The SAW's architecture depends on optimistic concurrency, allowing it to react to stimuli from the physical world that are not synchronized with its processing. Thus, the system may contain many threads accessing the same data structures in shared memory, without blocking and without the use of locks.
Because testing is not very effective at debugging concurrent algorithms, we applied a recently developed program logic called History for Local Rely/Guarantee (HLRG) to verify that the software implementation behaves according to the intended design.
HLRG enables precise description of a system's functionality, its desired behavior, and facilitates rigorous, mathematical proofs about properties of the system via sound inference rules.

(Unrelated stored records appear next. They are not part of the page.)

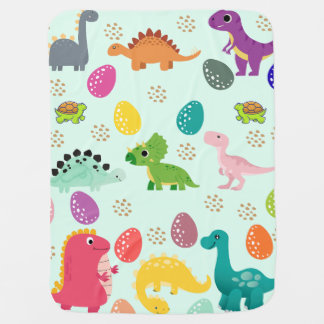 Colorful Dino Parade Baby Blanket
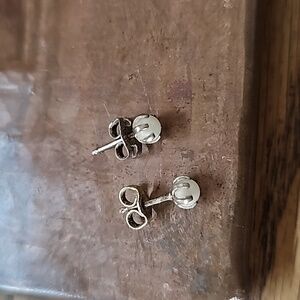 Vintage mid-century elegant silver pearl stud earrings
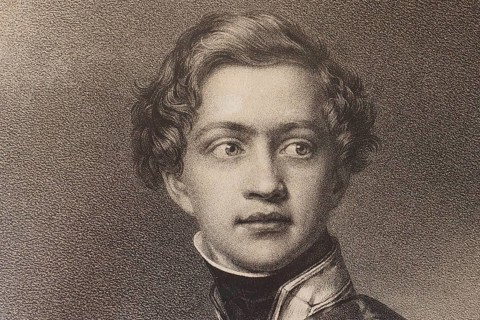Otto, King of Greece, portrait of a man with curly hair in historical uniform, Historical Museum,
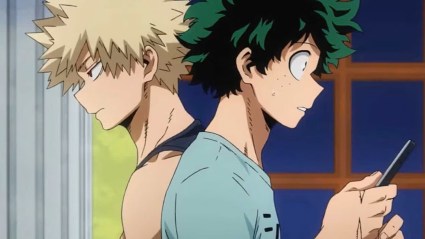 Bakugo and Deku standing back to back in My Hero Academia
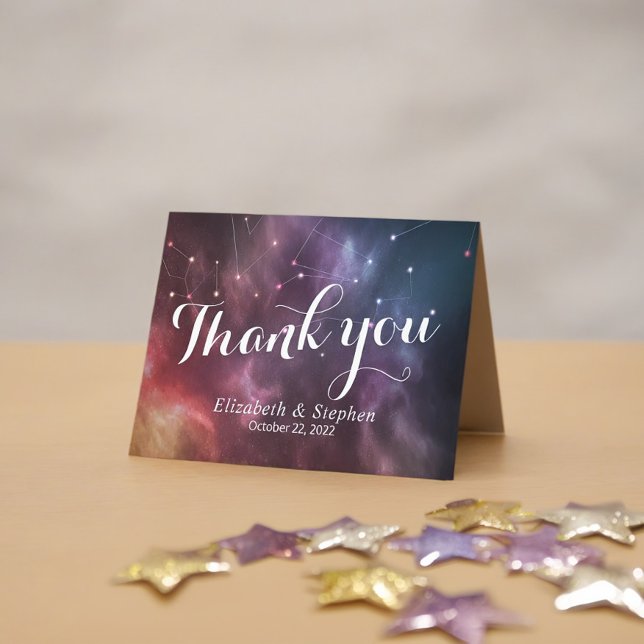 Cartão De Agradecimento Casamento Obrigado Constelação Galaxy Star Nebula (Criador carregado)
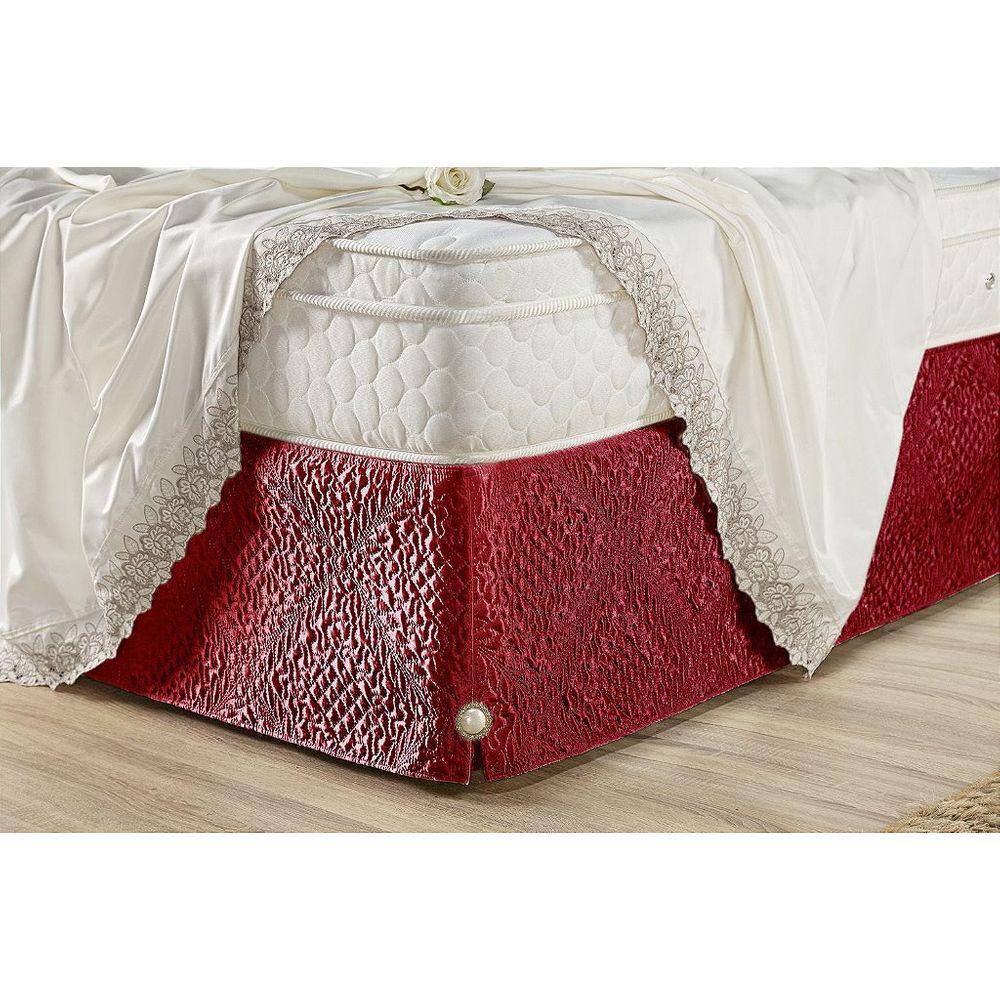 Saia Box Madri Super King Microfibra Matelado Vermelho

HLRG improves our ability to analyze concurrent programs by simplifying the process of reasoning about temporal properties of data structures, while fully analyzing the behavior and possible interleavings of threads in concurrent, lock-free algorithms.
Yanni Kouskoulas works at the Johns Hopkins University Applied Physics Laboratory, as the group Chief Scientist in the Applied Information Sciences Department.
His most recent research interests revolve around the practical application of mathematical techniques to support different types of reasoning, both in the construction of systems and in their design. This includes the application of formal methods to the construction of reliable systems, and the use of statistical approaches (e.g. Bayesian networks) to encode reasoning processes that help make accurate decisions in the presence of uncertainty.
He received his Ph.D.(E.E.) from the University of Michigan in 2000, with a background in statistics and electromagnetics.